Eski sofralarda kaç çeşit yemek olursa olsun, mutlaka pilav da olurdu. Hem de tencerenin altında tereyağı birikmiş, mis gibi pirinç pilavı. ‘Pilavdan dönenin kaşığı kırılsın’ gibi bir deyiş başka hangi dilde vardır ki? O zamanlar pirinç Mısır’dan, Dimyat’tan gelirdi.
Pilav yapmak her aşçının harcı olmadığı için evlerde özel ‘pilavcı’ aşçılar bulunurdu. Çok meraklılar yağ olarak Kırım’dan tahta fıçılar içinde gelen inek yağını kullanırlardı.

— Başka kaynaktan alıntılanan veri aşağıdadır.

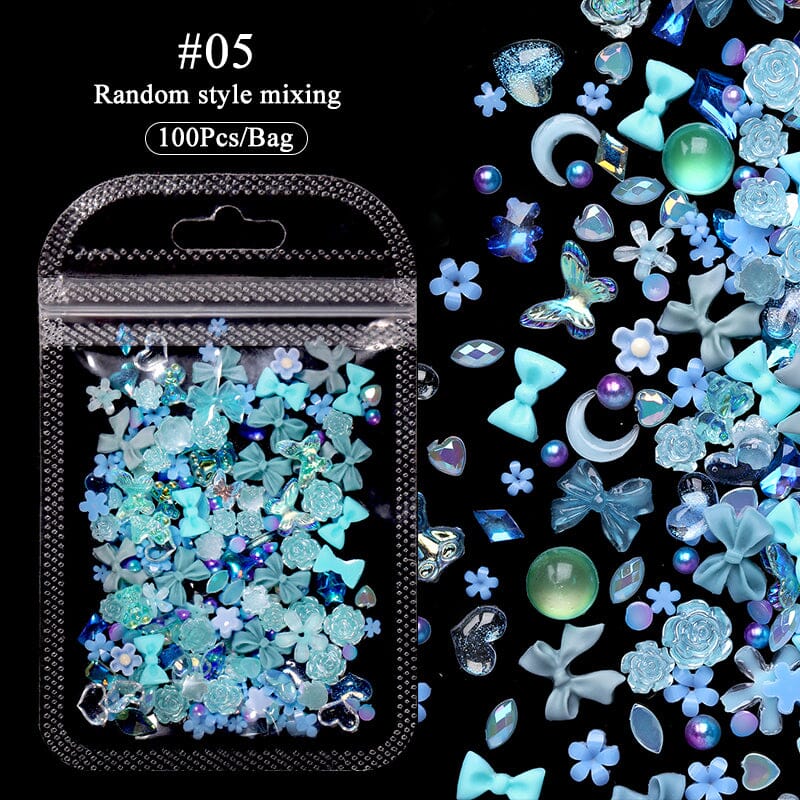 100pcs Colorful Bowknot Flowers 3D Nail Decorations Nail Art No Brand 05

Şimdi bu pilav da çok yasak. Hem de en yasakların başında. Dünya nüfusunun yarısını besleyen bu kutsal ürünü yasak ilan etmek, hangi akla hizmet etmektir? Bütün dünyanın sevgilisi makarna da, patates de yasak. Ördek yağında kızarmış patatesi yasaklamak kimin haddine düşmüş ki! Hele domates veya fesleğen soslu bir makarnayı! Sıcacık, kabuğu altın sarısı, kıtır kıtır beyaz ekmeğe ne demeli! Onu çok özledim.
Geçmişte bu kadar geri adım atılması, pardonların sıklaşması beni ikileme düşürdü. Ya patatese, ekmeğe, makarnaya ve pilava da ‘pardon’ derlerse ben yemediğimle kalacağım.
Onun için ucundan ucundan bu yasağı deliyorum. Gözüm gazete manşetlerinde. Elimde çatal-kaşık, ilk ‘pardon’u bekliyorum.